最後はAを出すのですが、余裕でこれを出しているのだから恐るべし!
これこそ軽さと強さと深さが共存した理想的なバリトンの声と言えるのではないかと思います。
一方のデ スーザですが、こちらも深い声と高いポジションの響きを兼ね備えていて、ディナーミクが実に自然。
高音のコントロールも、ソプラノでも歌えるんじゃないか?と思えるほど柔軟にこなせて、持ち声は強くても、決して力任せに張り上げることがないところが良いですね。
贅沢を言えば、アンサンブルでは少々ヴィブラートが気になるのと、少々高音で喉が上がり気味になるので、フォルテでは開放感がもう一つ欲しいかなと思えてしまいます。
まぁ、それは一緒に歌ているのがヴァッサッロなので仕方に部分もあるとは思いますが、声で押すというより、端正に旋律を歌い上げるタイプですね。
興味深いことに、デ スザの発声練習の映像がありました。
Liliana Sofia de Sousa I Vocal Warm-up
やっぱりな。
と思える発声練習をしてました。
子音”m”、”b”と母音”i”、これは唇の一番前で発音するので、”bi”や”mi”で響きの基本を作るのはとても有効な手段です。
ただ、鼻に入り易い人は”mi”を使うと逆効果になってしまうことがあるので、個人的には”bi”の方が使い勝手が良いと思っています。
とは言っても、よくアマチュア合唱なんかでは、”ば・び”・”ぶ”・”べ”・”ぼ”を歌おうとすると、
喉を締めてから発音をしてしまうために”んば”・”んび”・・・みたく頭に都度”m”が入ってしまう方が結構いらっしゃるのも事実で、そういう場合は”r”なんかも使いながら自分の癖に応じて子音を選ぶのが良いです。
”i”から”o”の動きは、前に響きを残したまま深さを掴むのに有効なので、端正な歌唱フォームの印象通り、こういうルーチンワークを叩き込んでいたのを見れて納得でした。
ただ、完全な解放した音を出すには、逆に開いた”a”を出す練習というのも大事で、それこそ、以前インタビューをお送りした高橋達也さんなんかは、”a”母音を基調とした開放的な声を軸として、他の母音も調整していますね。
これはどっちが良い悪いというより、曲によって合う合わないがあると思いますし、
個人で持っている体格や声にあったフォームというのがあるので、そういう意味でも正しい発声というのは人の数だけ存在する。
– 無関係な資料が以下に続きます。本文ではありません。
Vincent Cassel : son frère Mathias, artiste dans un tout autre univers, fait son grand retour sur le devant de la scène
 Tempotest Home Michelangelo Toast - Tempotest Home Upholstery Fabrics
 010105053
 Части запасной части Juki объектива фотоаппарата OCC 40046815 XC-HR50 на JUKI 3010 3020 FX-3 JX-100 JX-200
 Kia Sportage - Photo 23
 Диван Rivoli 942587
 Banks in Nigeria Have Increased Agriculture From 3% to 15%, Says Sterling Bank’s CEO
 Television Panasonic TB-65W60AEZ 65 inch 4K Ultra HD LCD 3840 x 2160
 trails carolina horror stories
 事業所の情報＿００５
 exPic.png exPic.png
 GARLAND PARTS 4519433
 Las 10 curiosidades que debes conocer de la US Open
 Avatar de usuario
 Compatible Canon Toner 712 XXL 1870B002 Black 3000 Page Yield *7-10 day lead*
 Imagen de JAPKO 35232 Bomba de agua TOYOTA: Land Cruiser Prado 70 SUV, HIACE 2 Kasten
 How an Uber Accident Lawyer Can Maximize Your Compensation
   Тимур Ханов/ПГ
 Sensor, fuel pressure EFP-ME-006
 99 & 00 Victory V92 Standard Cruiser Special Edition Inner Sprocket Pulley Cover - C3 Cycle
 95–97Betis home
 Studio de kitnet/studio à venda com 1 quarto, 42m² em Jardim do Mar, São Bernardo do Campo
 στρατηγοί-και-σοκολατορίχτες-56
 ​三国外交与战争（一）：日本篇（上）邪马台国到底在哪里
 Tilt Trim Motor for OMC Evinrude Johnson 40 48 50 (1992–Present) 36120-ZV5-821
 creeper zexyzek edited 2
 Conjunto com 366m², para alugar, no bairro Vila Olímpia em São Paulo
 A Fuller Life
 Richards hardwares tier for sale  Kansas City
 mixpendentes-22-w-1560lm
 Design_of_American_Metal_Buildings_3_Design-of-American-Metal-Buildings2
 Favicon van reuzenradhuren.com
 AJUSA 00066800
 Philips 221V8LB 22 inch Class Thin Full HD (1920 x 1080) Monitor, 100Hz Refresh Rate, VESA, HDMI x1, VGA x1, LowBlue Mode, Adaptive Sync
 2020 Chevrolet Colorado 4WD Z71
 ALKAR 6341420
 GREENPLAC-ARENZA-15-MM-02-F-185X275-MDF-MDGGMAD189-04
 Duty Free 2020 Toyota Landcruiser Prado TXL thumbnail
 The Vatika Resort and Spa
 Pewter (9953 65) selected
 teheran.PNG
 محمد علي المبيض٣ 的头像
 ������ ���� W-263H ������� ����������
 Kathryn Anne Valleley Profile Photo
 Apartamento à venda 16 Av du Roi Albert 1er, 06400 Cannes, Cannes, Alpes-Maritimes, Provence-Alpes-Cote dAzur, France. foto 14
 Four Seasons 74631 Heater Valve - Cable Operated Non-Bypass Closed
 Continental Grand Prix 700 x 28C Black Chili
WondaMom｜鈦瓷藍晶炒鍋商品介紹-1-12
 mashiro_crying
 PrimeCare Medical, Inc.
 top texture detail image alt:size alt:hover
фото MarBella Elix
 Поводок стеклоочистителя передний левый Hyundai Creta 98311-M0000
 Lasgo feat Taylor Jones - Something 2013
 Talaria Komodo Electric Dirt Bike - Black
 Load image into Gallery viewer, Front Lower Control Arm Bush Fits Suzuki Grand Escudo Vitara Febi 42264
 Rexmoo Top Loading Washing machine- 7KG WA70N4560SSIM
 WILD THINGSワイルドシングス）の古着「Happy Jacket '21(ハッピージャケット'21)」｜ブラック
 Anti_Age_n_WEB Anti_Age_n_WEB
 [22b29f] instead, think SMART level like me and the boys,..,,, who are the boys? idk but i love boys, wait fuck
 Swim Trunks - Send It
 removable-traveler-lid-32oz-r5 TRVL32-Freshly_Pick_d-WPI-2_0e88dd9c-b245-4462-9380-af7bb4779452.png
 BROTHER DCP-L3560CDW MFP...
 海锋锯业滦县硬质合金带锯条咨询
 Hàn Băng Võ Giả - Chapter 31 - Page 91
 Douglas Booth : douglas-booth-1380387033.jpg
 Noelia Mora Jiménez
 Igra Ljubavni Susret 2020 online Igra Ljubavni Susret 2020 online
というカルーソーの言葉は言い得て妙ですね。
最後に、ソプラノのMaria Pia Piscitelliですが、
この人は低音域で響きがなくなってしまう。
声は美しいのですが、発音が奥まっていて、どうしても響きだけで処理しようとしてしまう傾向があるように聴こえました。
プッチーニ トスカ Vissi d’arte
伝説的なプッチーニソプラノ、カーステンの演奏と比較すると、如何にピシテッリが言葉ではなく声で歌っているかがわかります。
Dorothy Kirsten
そんな訳で、どうしてもピシテッリの歌には不自然さを感じてしまって、
個人的には好きになれませんでした。
奥に入ってしまうと、やっぱり低い音は飛びませんし、その他にも、”e”母音なんかは響きが音域や言葉によって頻繁に崩れるので、そういう面でも他のキャストと比べると聴きお取りする感は否めませんでした。
とは言え、ピシテッリも全体を通して丁寧に安定した歌唱を聴かせてはいるので、
強力な男声陣、コルチャックとヴァッサッロ、大健闘のデ スーザと大変充実したキャストが揃った演奏会だったと思います。
そこまで長いオペラではないので、是非皆様も全曲聴いてみてください。